In Canadian politics, there is the way it’s supposed to work and the way it actually works. In our system, we are supposed to vote for our local representatives, who will go to Parliament Hill and vote for their constituents’ best interests. What actually happens is that most Canadians vote for the party or the leader of a party and most MPs hold tightly to the party line in the hopes of getting a better cabinet position should their party eventually form government.
These days, when an MP says something considered ‘off message,’ there are rumblings that even that is controlled by the Prime Minister’s Office — such as Stephen Woodworth’s attempt to re-define when an embryo becomes a human being.
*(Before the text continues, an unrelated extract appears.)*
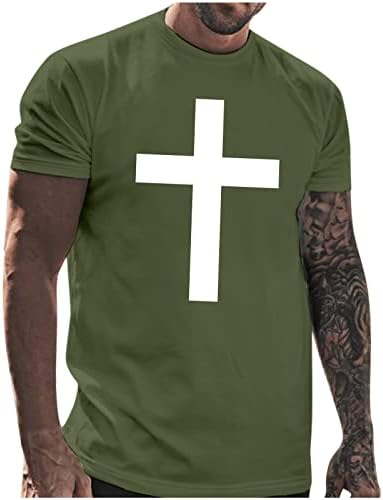 HDDK Soldier Soldier Short S-shirts Summer Summer Fé Jesus Cruz Tops Running Workout Sports Crewneck camisetas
On Tuesday, David Wilks, a backbench MP from the KootenayŚColumbia riding in BC told a meeting of his constituents that he would vote against the Harper government’s Budget Implementation Bill (C-38) but only if 12 of his fellow Conservatives would also vote against.
He told the gathered group, estimated to be around 30 people, “I will stand up and say the Harper government should get rid of Bill C-38.” (This would be the Harper government of which he is a part), but he would only stand up against the legislation if 12 of his fellow backbenchers also voted against the bill, saying that without 12 more, they had no chance of killing the bill.
The story hit the local and then national news on Wednesday and by Wednesday afternoon, his office had released a statement declaring his total support of Bill C-38.
The statement was actually more in tune with what he had previously said in the House of Commons.
Really, I guess we should congratulate him for managing to be off message for almost 24 hours.
But what of the constituents of KootenayŚColumbia? During the last federal election, more than 42,000 of them voted (of more than 67,000 eligible voters), and 55 percent voted for the Conservatives, but now what percentage actually feels as though they’re being represented?
Either your MP is lying to you in face to face meetings, or he’s terrified of his boss and what might happen if he steps out of line — even though there’s no being demoted from backbench government MP.
The Harper government’s incredible control of their MPs and their message is alienating voters and keeping down the voter turnout –which some have posited might be exactly what Harper wants.